IASB/FASB Joint Discussions: Business Combinations (Phase II)

Date recorded:

This is a joint IASB/FASB project on purchase method procedures and application guidance. The discussion focused on areas on which the IASB and the FASB have tentatively reached different conclusions. Those areas include:

  • Measurement date for equity instruments issued as consideration. Tentatively, IASB would use the date on which the business combination is agreed to, while FASB would use acquisition date (date control passes). After discussion, an informal joint vote of members of the two Boards showed a slight preference (11 to 9) for acquisition date.
  • Initial measurement of equity consideration -- blockage factors.
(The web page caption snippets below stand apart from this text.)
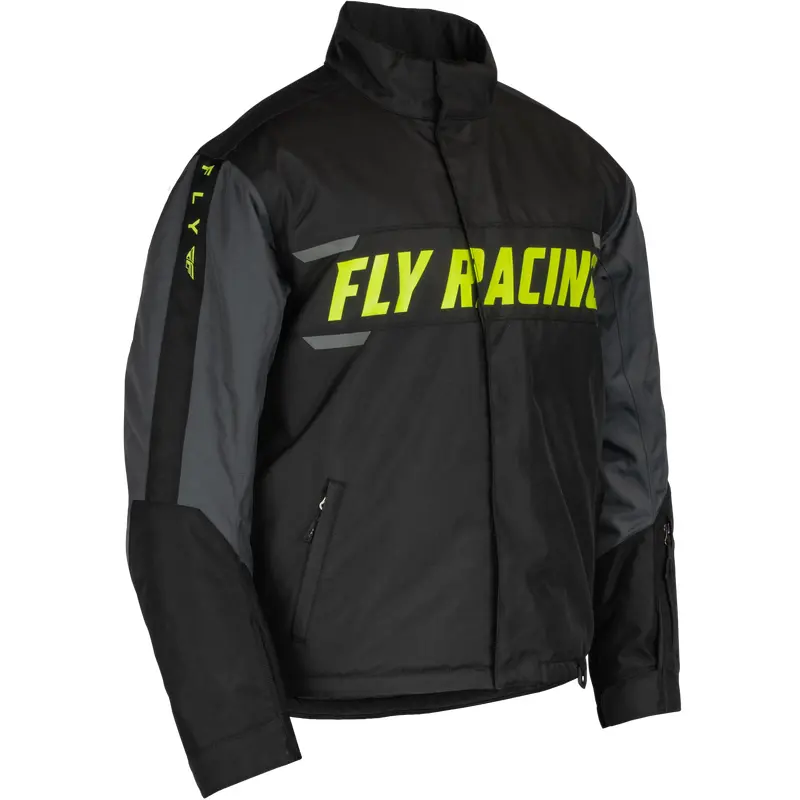 Fly Racing - Outpost Jacket Black/Grey/Hi Vis 3x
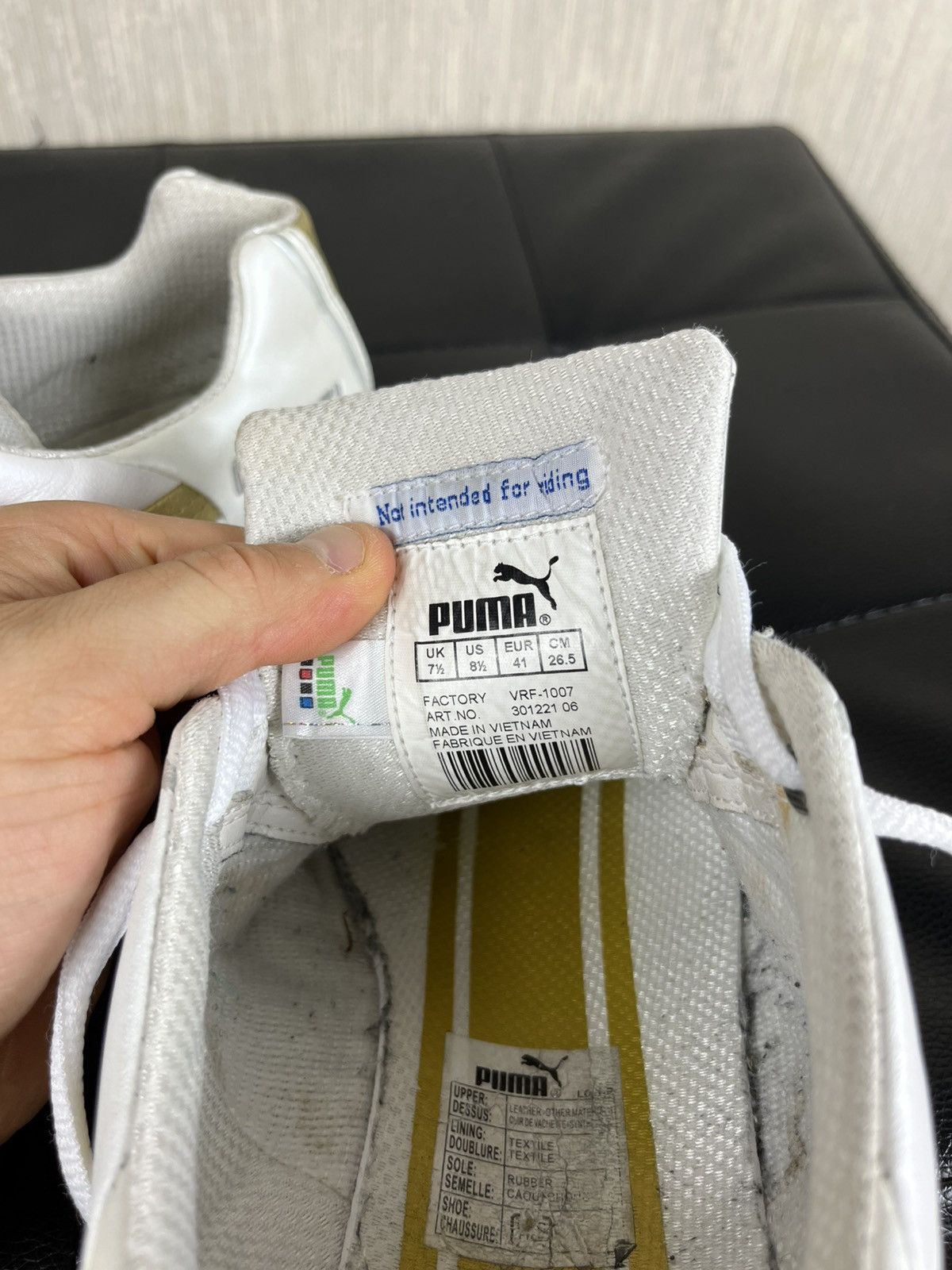 Mercedes-Benz × Puma Vintage Puma x Ducati speed cat y2k gold racing shoes retro Size US 8.5 / EU 41-42 - 24 Thumbnail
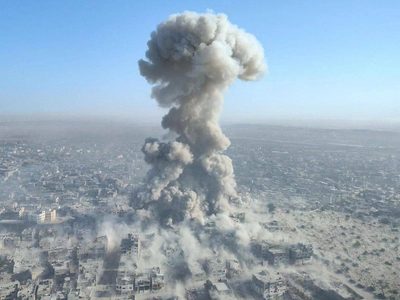 La ofensiva israelí deja casi 56 mil fallecidos, tras matar a 51 palestinos en 24 horas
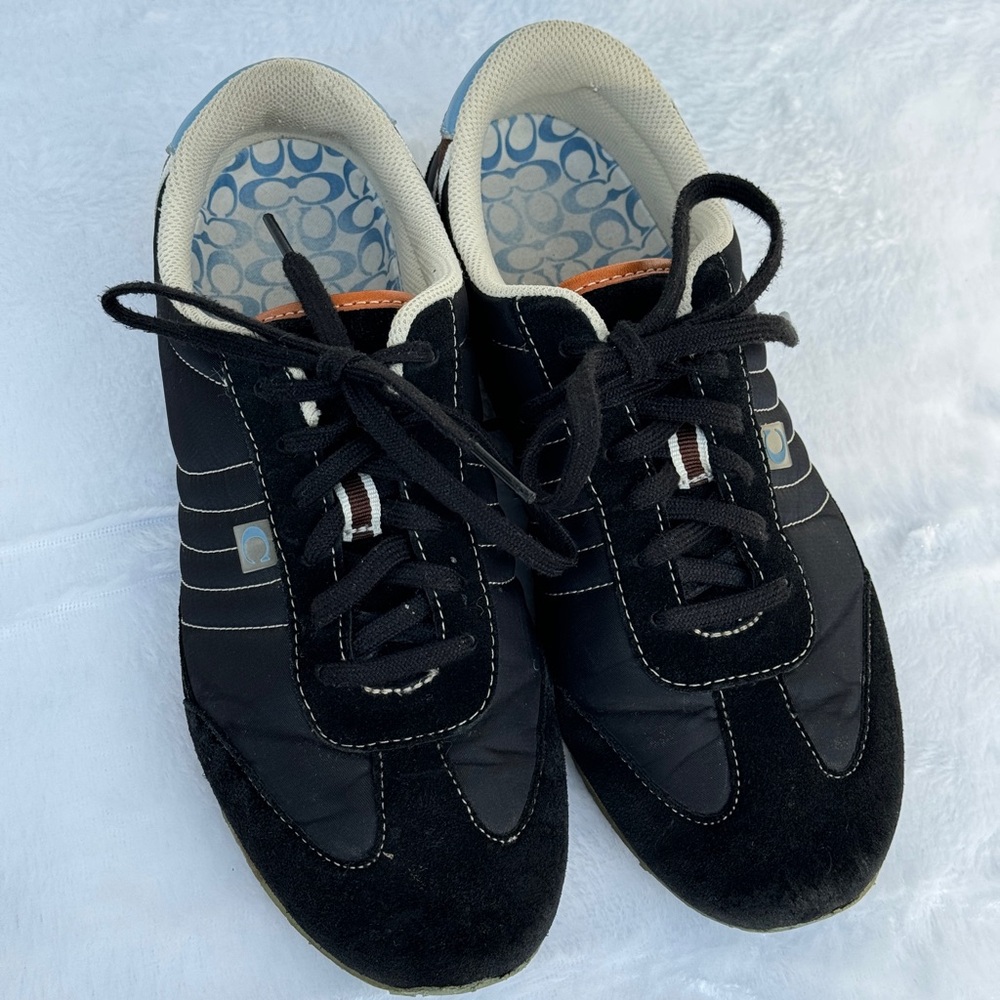 Coach Womens Sneakers
Lace Up Shoes NIKKI
Suede‎ Size 8M - Picture 5 of 7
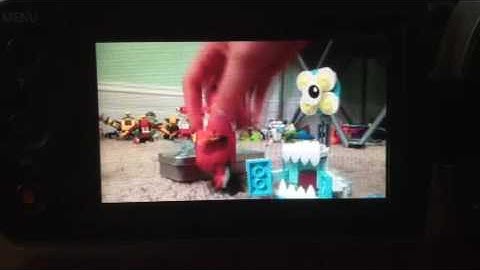 Mixels Remake Fang Gang Log Toss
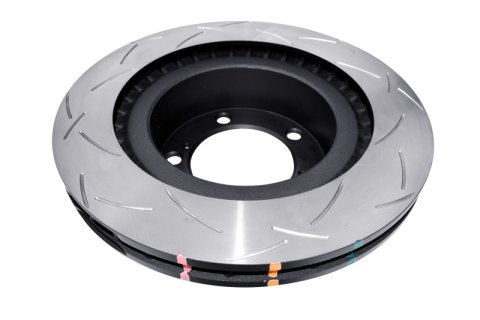 DBA 07-18 Toyota Tundra Front Level 4 Rotor & Pad Kit (2x dbaDBA42724S, 1x dbaDB1838SP) thumbnail 2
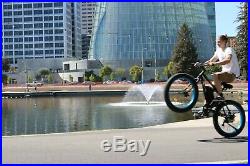 26500W 36V12Ah Fat Tire Mountain Snow Beach Electric Bicycle Bike e-Bike eBike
Tentatively, IASB would take blockage factors into account in the case of a 'thin market' while FASB would not.
  • Assets held for disposal. FASB favours net selling price (fair value less costs of sale). IASB would use fair value.
  • Amendments to postemployment benefit plans that are a condition of the business combination.
  • Intended changes by the acquirer to employee benefits and other postretirement benefit plans.
  • Employee benefit payments triggered by a business combination.
  • Constructive obligations.
  • Initial measurement of acquired assets and assumed liabilities -- selection of a disposition market price if multiple disposition markets exist. To what extent is replacement cost an appropriate measure of fair value?
Both Boards have tentatively agreed to the following guidance for measuring the fair values of acquired assets and liabilities initially recorded at fair value by the acquirer in a business combination (the 'fair value hierarchy'):
  • Level 1: By reference to an observable market transaction (for example, cash purchases of the same or a similar item at or near the transaction date).
  • Level 2: If Level 1 is not available, through valuation methods or techniques (such as present value or option pricing models) that incorporate market-based assumptions.
  • Level 3: If neither Level 1 nor Level 2 is available, through valuation methods or techniques that incorporate assumptions not contrary to market assumptions. As a practical matter, an entity can use its own assumptions in instances in which market-based assumptions are not available.
Among the potential remaining issues the staff plan to tackle in the project are:
  • Measurement of minority interest and related goodwill.
  • Step acquisitions.
  • Sale of shares by a subsidiary ('deemed disposals').
  • Disclosure and presentation.
Staff of the two Boards are working toward an exposure draft to be issued by both Boards in March or April of 2003.